#### Required work:
With the pictures left out, please write out exactly each line from the one containing "Li River: satellite view of the source" through the end of the material.

#### Input data:
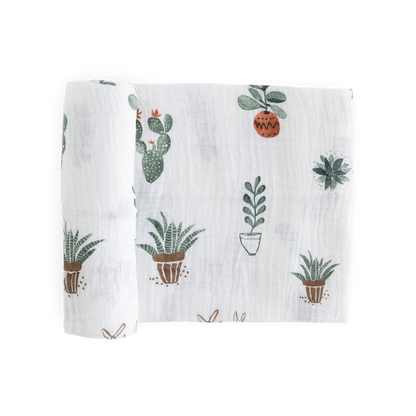 Cotton Muslin Swaddle Blanket - Prickle Pots Little Unicorn Lil Tulips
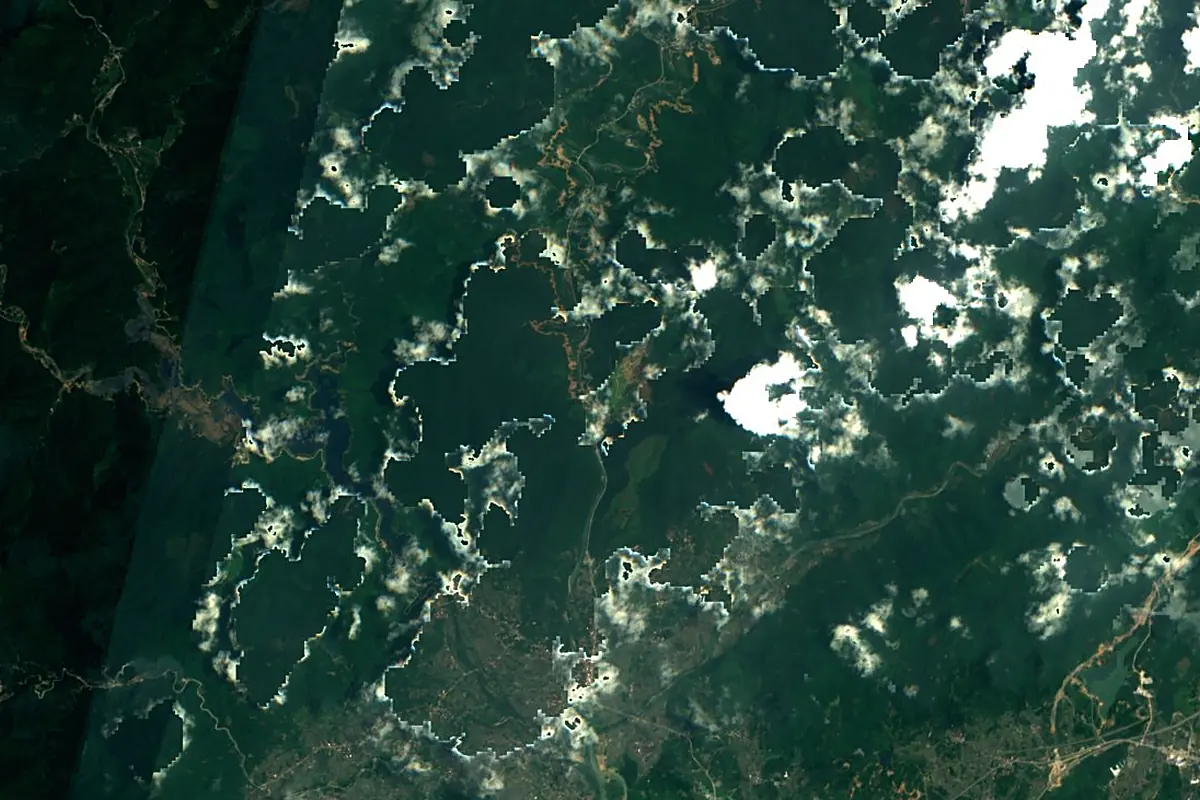 Li River: satellite view of the source
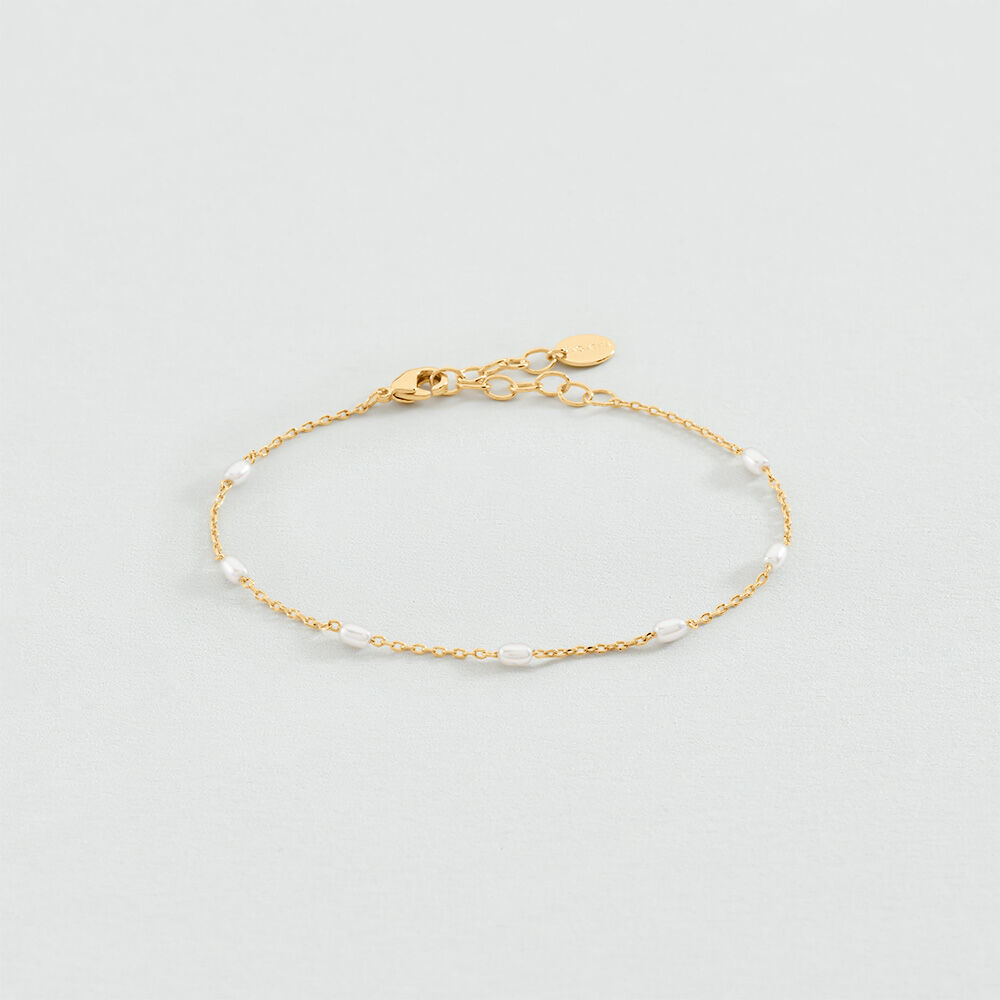 Link bracelet JASMIN - Golden / White - Bracelets  | Agatha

#### Finished exercise:
 Li River: satellite view of the source
 Link bracelet JASMIN - Golden / White - Bracelets  | Agatha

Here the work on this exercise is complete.